さて、そんな理由でいきなり20番台へと突入していくわけなんですが、ここで重要な変化があります。それは、この作品9で4楽章形式となっている点です。弦楽四重奏曲交響曲同様急〜緩〜舞〜急となっていまして、第19番もすでにその陣容を備えています。ただし、第19番と第20番は緩と舞がひっくり返っていまして、厳密に形式が備わってくるのは第21番になります。しかし、こういうことは当時当たり前だったようで、つまりとにかくその陣容があればいいという感覚だったようです。

そして、音楽もより洗練されてきており、穏やかな曲の中に緊張感すら感じられます。形式的に定まったこともあるのかもしれませんが、軽妙な中に気品を備え、その上ユーモアすら内包しています。

こういう音楽はたまりませんねえ。確かに、ベートーヴェンと比べれば音楽の重厚さはないかもしれませんが、ハイドンは徹底的に軽めに作曲することで、極上のBGMを作り出しています。

たとえば、私はこのブログを書くに当たり、聴きながらあるいは構想を考えながらほかの検索もしていることが多いのですが、そのBGMとしてハイドンの弦四は格好の音楽なのです。
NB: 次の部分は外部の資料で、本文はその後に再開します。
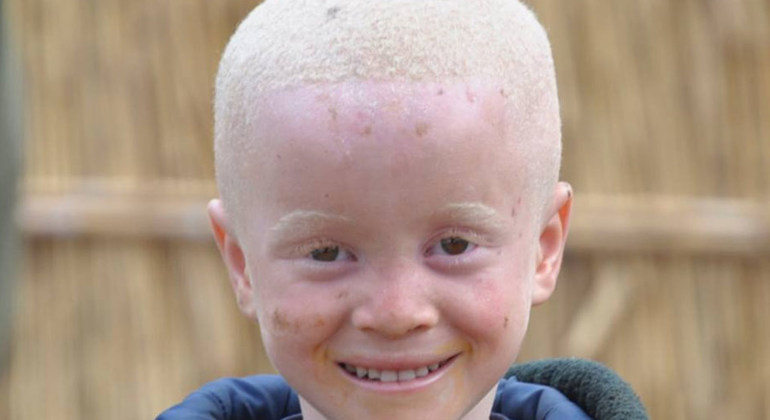 Naciones Unidas promueve el honor de ser albino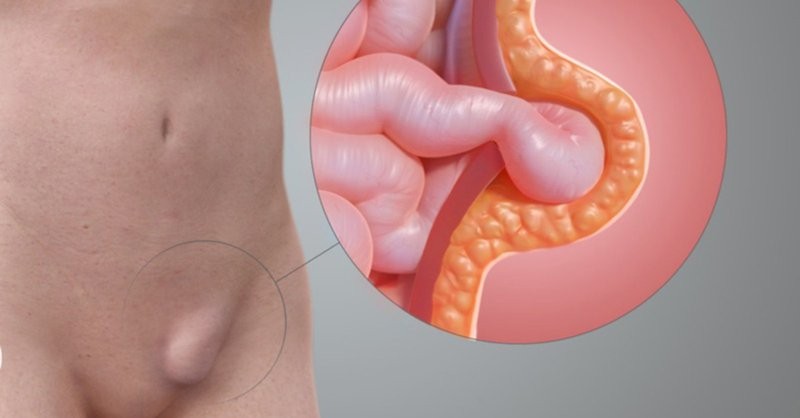 Thoát vị bẹn nghẹt: mức độ nguy hiểm và phương pháp điều trị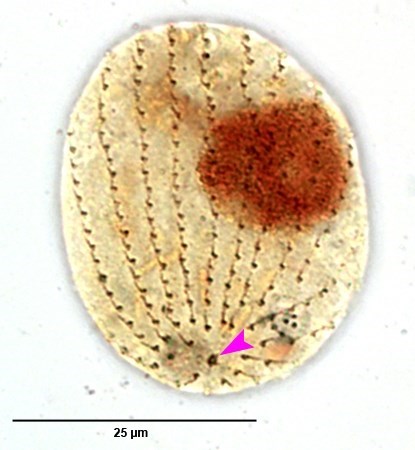 Uronema marinum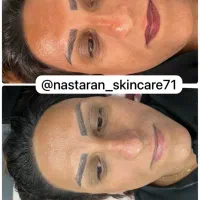 آموزش صفرتاصد پاکسازی وفیشال بامدرک(تخفیف جشنواره|خدمات آموزشی|شیراز, فرهنگ شهر|دیوار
これがベートーヴェンですと、音楽が素晴らしすぎて邪魔になることもあります。つまり、音楽に集中したいということなのですが、それがハイドンはないのです。うっかりしますと聞き逃してしまうフレーズも・・・・・

恐らく、その点がハイドンの音楽、特に弦四の評価を下げているのだと思いますが、しかしそれは本当でしょうか?今洋楽および邦楽ではやっている曲は、CMタイアップということも多いかと思います。その典型がAKB48だったりします。それとハイドンを比べてみますと、楽曲として素晴らしい上にBGMとしてきちんと成立するという特長を持ちます。AKB48のファンの方であれば、Beginnerを考えていただければ分かり易いかと思います。それとハイドンの弦四は全く同じ役割を果たすのです。
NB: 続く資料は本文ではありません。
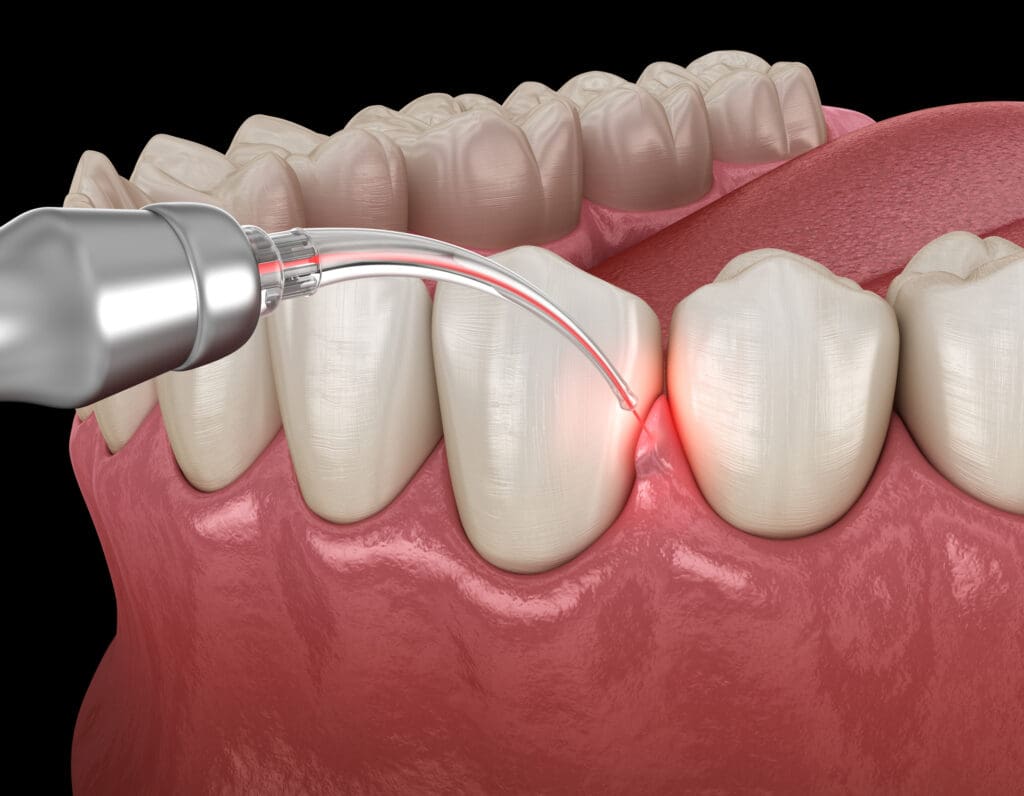 Le soin des gencives Smile Implant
もちろん、それは芸術として同列というわけではありませんが、果たす役割としては同一であると考えて差し支えないと思います。つまり、ハイドンの弦四はさりげない中にとても素晴らしい音楽をさしはさむという、モーツァルトですらやれなかったことをやってのけているのです。
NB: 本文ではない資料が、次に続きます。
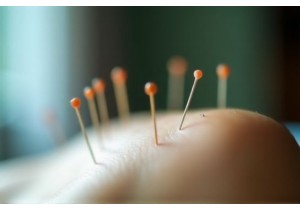 Drug-Free Healing with Traditional Acupuncture Techniques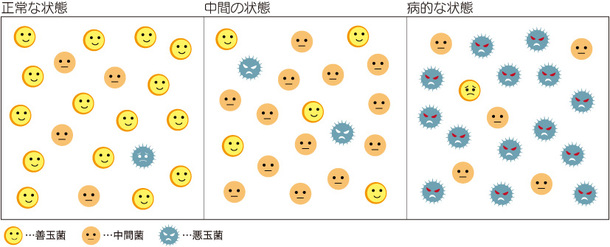 膣フローラと乳酸菌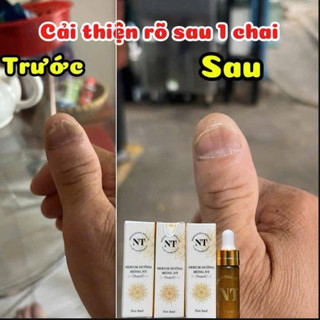 Combo dưỡng móng NT (chính hãng)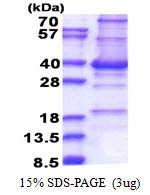 3?g Human CENPP protein (GTX57430-pro) by SDS-PAGE under reducing condition and visualized by coomassie blue stain.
モーツァルトはその音楽が素晴らしすぎるがゆえに個性的であり、芸術として突出しています。だからこそ音楽に耳を傾ける必要がありますが、ハイドンはそこまでしなくてもすっと入ってきます。それでいて耳障りではなく、しかしながらきちんと存在感もあるという、職人としての存在を感じます。その意味では、ハイドンはまさしくバッハ以来伝統の「音楽職人」だといえます。

そこから紡ぎだされる音楽はとても洗練されており、没個性的のようで実はとても個性的なのに、前へ出しゃばらない・・・・・それがこの3曲ですでに完成されているというのは驚嘆すべき事実です。まるで正倉院の宝物のようで、地味ながらもキラキラしたオーラを放っています。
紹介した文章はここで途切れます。